IMHO, I think Dmitry's proposal to rather allow the TEE device to be
the allocator and exporter of DMA-bufs related to restricted memory
makes sense to me. Since it's really the TEE implementation (OP-TEE,
AMD-TEE, TS-TEE or future QTEE) which sets up the restrictions on a
particular piece of allocated memory. AFAIK, that happens after the
DMA-buf gets allocated and then user-space calls into TEE to set up
which media pipeline is going to access that particular DMA-buf.
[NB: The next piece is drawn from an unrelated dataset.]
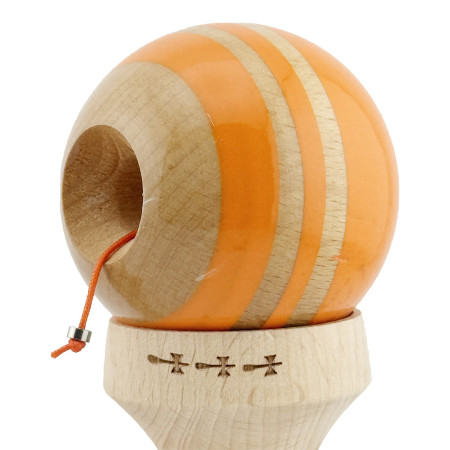 Kendama X Originala RAINBOW, Profesionala, Cyrax, Cupe Mari KING SIZE V3, Super Sticky, Gaura in Baza, Rulment Metalic, din lemn 18 cm, Ata 55 cm, Portocaliu/Maro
It
can also be a static contract depending on a particular platform
design.

As Jens noted in the other thread, we already manage shared memory
allocations (from a static carve-out or dynamically mapped) for
communications among Linux and TEE that were based on DMA-bufs earlier
but since we didn't required them to be shared with other devices, so
we rather switched to anonymous memory.